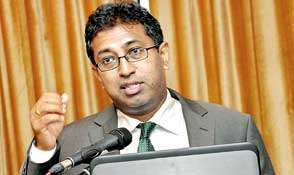 Harsha says govt. won’t meddle with exchange rate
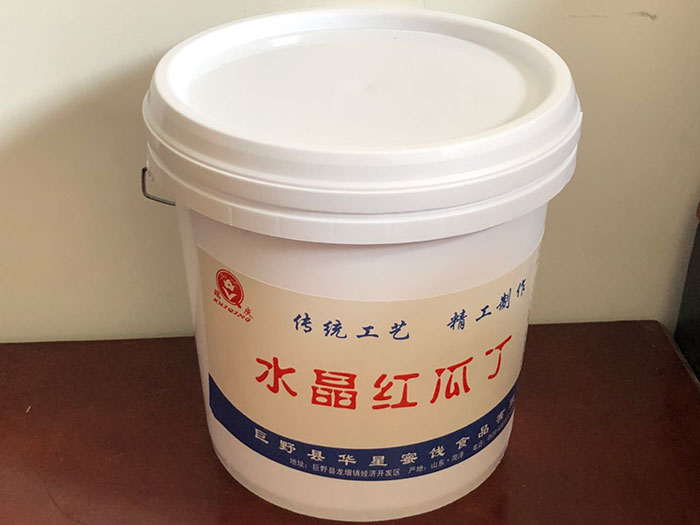红绿瓜丁
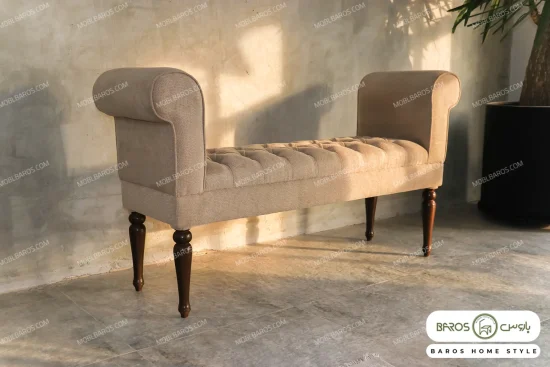 بنچ و پاف راحتی و مدرن جدید آیدا باروس1 (2)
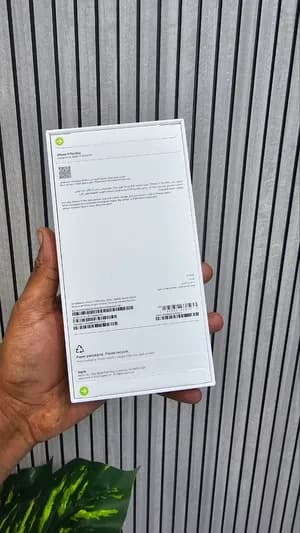 Iphone 17 pro max 256gb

**Task item:** The expected output is an exact retyping of the lines from the line with "بنچ و پاف راحتی و مدرن جدید آیدا باروس1 (2)" through the last line of the data, with both ends kept and the pictures dropped.

**Solution:**
 بنچ و پاف راحتی و مدرن جدید آیدا باروس1 (2)
 Iphone 17 pro max 256gb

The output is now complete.